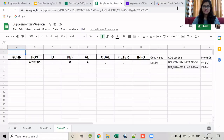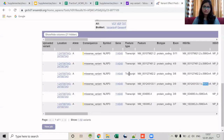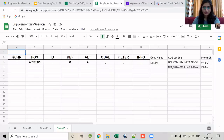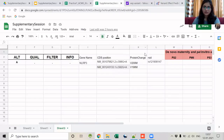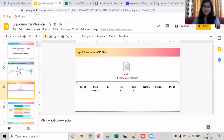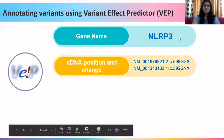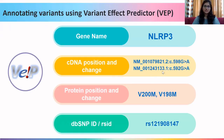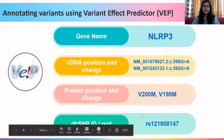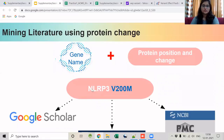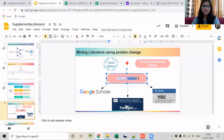The gene name given out by VEP was NLRP3. I have taken the two unique CDS positions and two unique protein changes, and also the RSID given out by VEP. We will use each of these details one by one to annotate this variant. The first thing we will do is use the gene name and protein position to annotate.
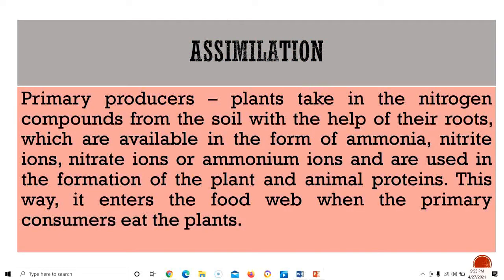Assimilation is the next step. Primary producers — plants — take in the nitrogen compounds from the soil through their roots, available in the form of ammonia, nitrites, nitrates, or ammonium ions. These are used in the formation of plant and animal proteins. This way, nitrogen enters the food web when primary consumers eat the plants.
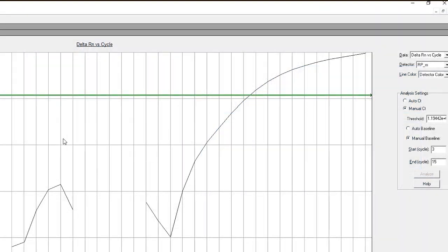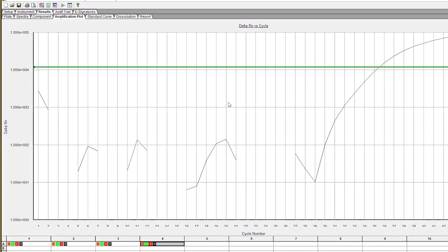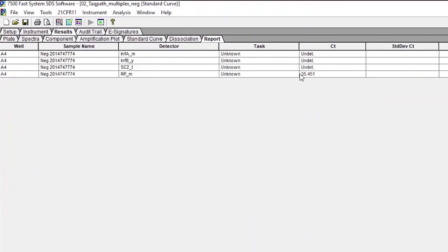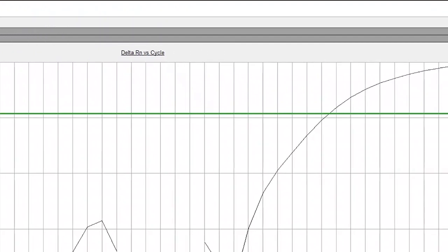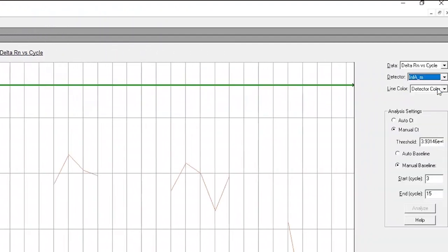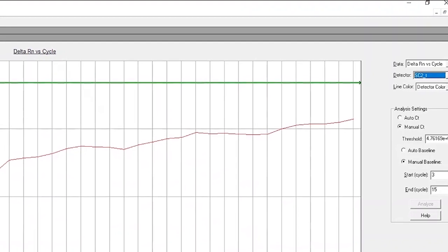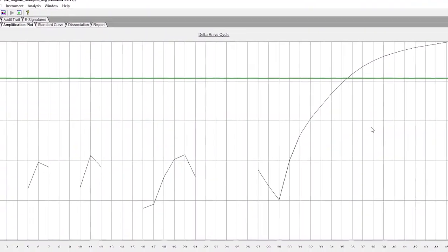If all viral targets are negative, meaning they all have a CT of greater than or equal to 40, and RNAs P generates a CT of greater than or equal to 35, the results should be considered invalid for the specimen. Repeat the testing of specimen nucleic acid and/or re-extract and repeat the real-time RT-PCR assay. If all targets are negative after re-test, report the specimen as invalid. Collection of a new specimen and subsequent testing should be considered.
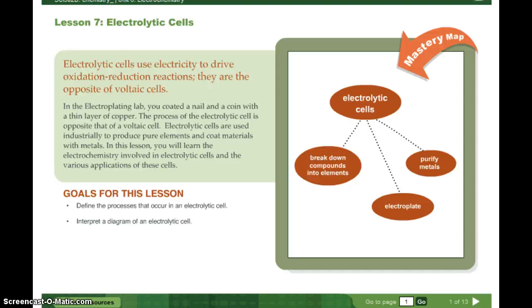Hey, Mrs. KJ here, going over 6.07 electrolytic cells. Electrolytic cells use electricity to drive oxidation-reduction reactions. They are the opposite of voltaic cells.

★ ★ ★ ★

* **Task prompt**
Transcribe the listing above exactly, leaving every picture out.

* **Answer below**
The gene name given out by VEP was NLRP3. I have taken the two unique CDS positions and two unique protein changes, and also the RSID given out by VEP. We will use each of these details one by one to annotate this variant. The first thing we will do is use the gene name and protein position to annotate.
Assimilation is the next step. Primary producers — plants — take in the nitrogen compounds from the soil through their roots, available in the form of ammonia, nitrites, nitrates, or ammonium ions. These are used in the formation of plant and animal proteins. This way, nitrogen enters the food web when primary consumers eat the plants.
If all viral targets are negative, meaning they all have a CT of greater than or equal to 40, and RNAs P generates a CT of greater than or equal to 35, the results should be considered invalid for the specimen. Repeat the testing of specimen nucleic acid and/or re-extract and repeat the real-time RT-PCR assay. If all targets are negative after re-test, report the specimen as invalid. Collection of a new specimen and subsequent testing should be considered.
Hey, Mrs. KJ here, going over 6.07 electrolytic cells. Electrolytic cells use electricity to drive oxidation-reduction reactions. They are the opposite of voltaic cells.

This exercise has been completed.